Consultant & Head, Department of Pediatrics Jaber Al-Ahmed Armed Forces Hospital, Kuwait
What is an Electroencephalogram (EEG)?
An Electroencephalogram, also called an EEG, is a record of the electrical activity of the brain. The brain cells, called neurons, communicate with one another by the generation of small electrical discharges. These electrical impulses are recorded by placing leads on different parts of the head, and plotting the waves on paper. It is a diagnostic procedure to detect any abnormality of function or disorder of the brain.
How to prepare for an EEG?
No special preparation is necessary except that the hair has to be cleaned or shampooed. The hair should be dry and no oil or dye should be applied on the day of the test.

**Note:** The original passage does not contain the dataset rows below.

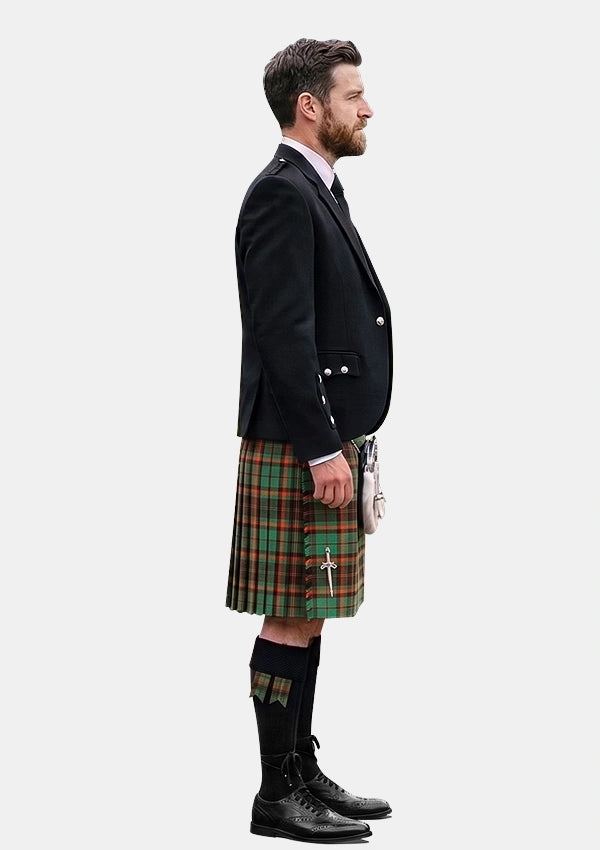 Traditional_Cumming_Hunting_Ancient_Tartan_Kilt_and_Argyle_Jacket_Kilt_Outfits_right_image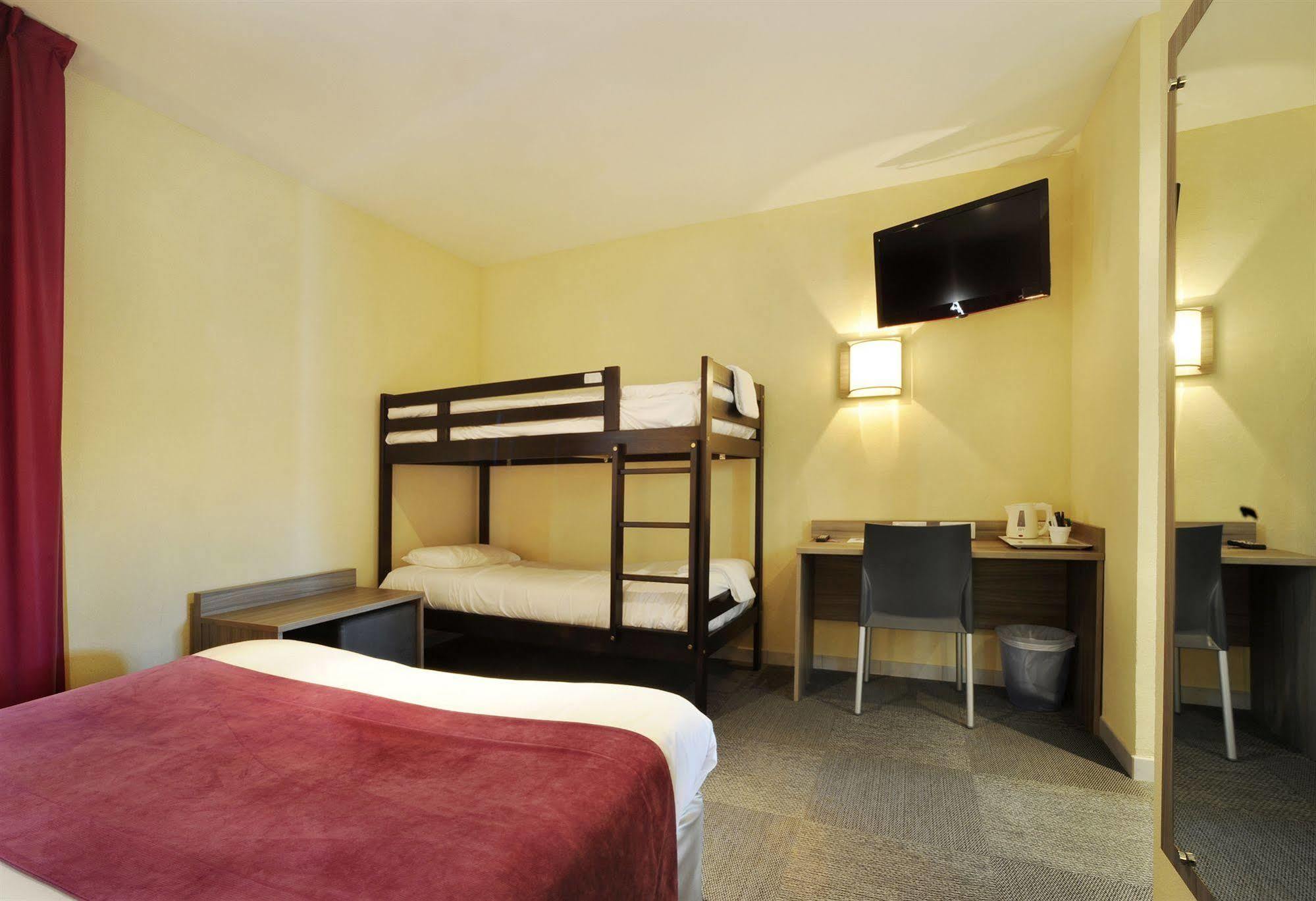 Hotel The Originals City, Des Arenes, Saintes
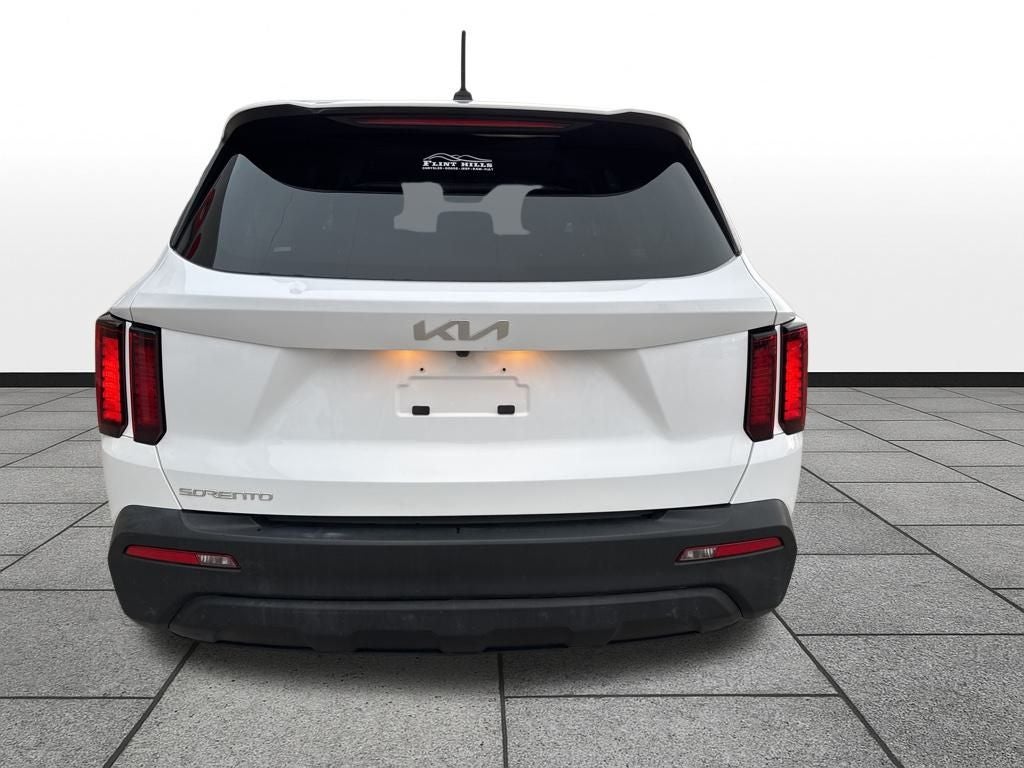 2023 Kia Sorento LX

What happens during the EEG?
It is a painless procedure in which small flat metal disks are attached to the scalp. Sometimes small wires may also be placed through the nose to the back of the throat. The disks have electrodes, which are connected to a machine that records the electrical impulses of the brain and gives a tracing on paper. Any abnormalities of the brain’s electrical activity can be diagnosed easily by reading the paper tracing. The test usually takes an hour. Small children may require medicine to put them to sleep for the test.
Why is it done?
It helps to diagnose and assess brain disorders. It is useful in the diagnosis of brain tumours, epilepsy, sleep disorders, and some metabolic abnormalities. It is one of the investigations for certifying brain death.
Are there any limitations of this procedure?
There are no obvious risks. It does not measure the intelligence or read the mind. Sometimes the EEG may not show any abnormality in the early stages of a problem.